Representative Hank Johnson (D-GA) remembers well how the Internet might react to threatening bills.
“What we’ve learned from SOPA [the Stop Online Piracy Act] is that we tried to shove legislation down the public’s throat and we failed. We learned we’d better consult the folks who use the Internet before we regulate it,” Johnson said in a speech on the House floor Thursday.
To that end, he’s set up apprights.us, a website to crowdsource ideas for how to legislate ways to keep smartphones from violating user privacy.
“We’re asking what smart policy looks like before we write a bill. We’re using the internet to make sure we don’t break the internet,” he said.
He’s not the first member of Congress to ask the Internet for advice on how to preserve its free existence. In June, Representative Darrell Issa created what he called a “Digital Citizen’s Bill of Rights” to crowdsource a document that established what constituted a free citizen on the Internet.

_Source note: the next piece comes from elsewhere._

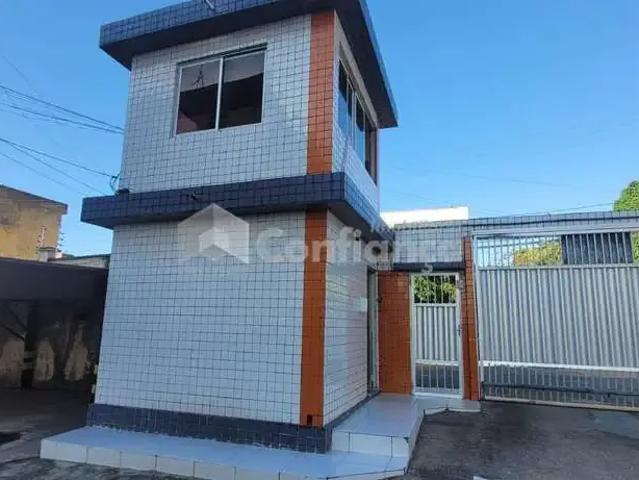 Apartamento para Venda em Fortaleza/CE Presidente Kennedy 3 Quartos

That broke ground for the similar, but far more popular, Declaration of Internet Freedom, which was created by a coalition of Web luminaries in the private sector. Issa quickly signed it, becoming the first member of Congress to do so. Only one other, Sen. Ron Wyden (D-OR), has added his name.

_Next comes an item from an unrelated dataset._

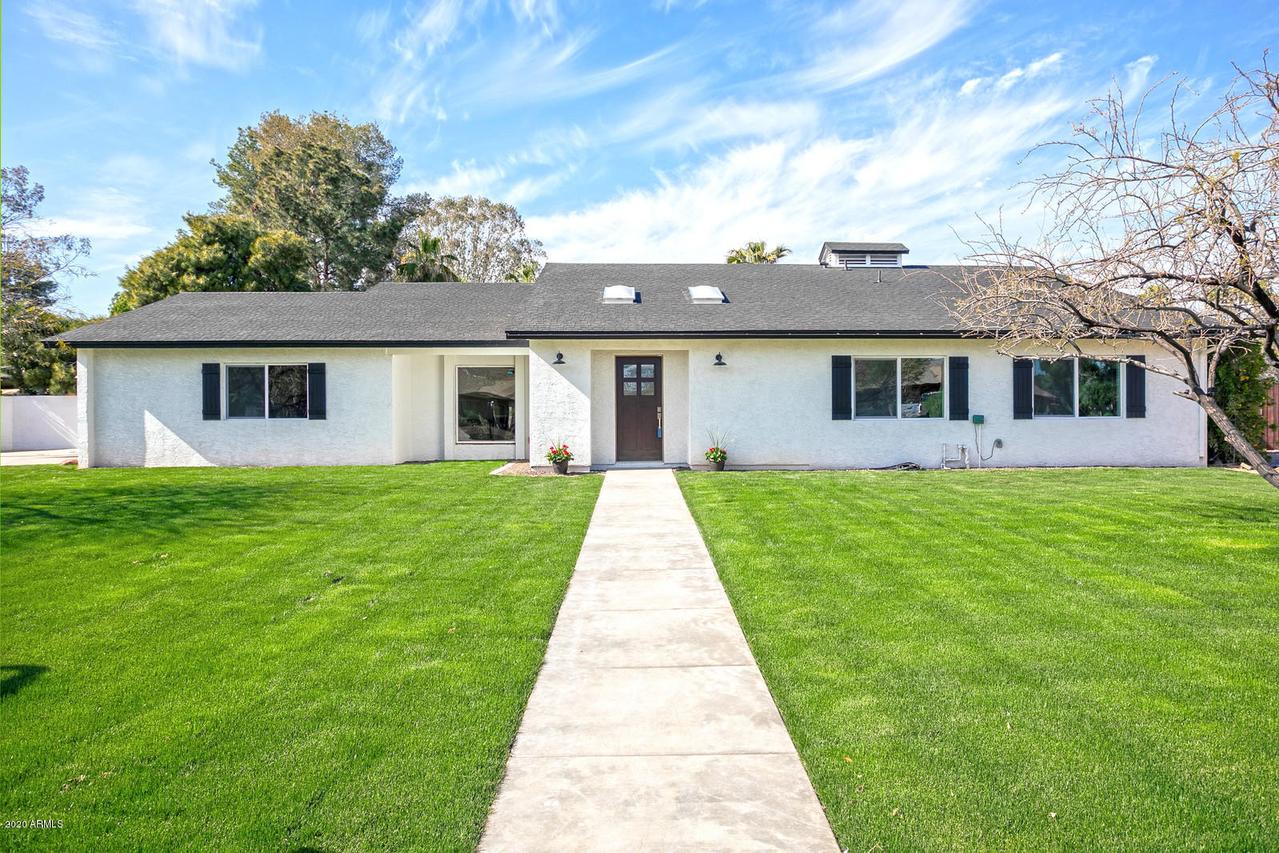 6016 E Charter Oak Rd., Scottsdale, AZ 85254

In promoting apprights.us, Johnson—or a member of his staff using his name—even posted a link to the site on Reddit’s notoriously tough r/politics subreddit to drum up support, though the thread didn’t take off.
In that thread, however, Johnson (or his representative) noted that he’d seen the Declaration and was considering it.
“Yes, the Declaration has been brought to my attention. We’re taking a close look at it,” he wrote.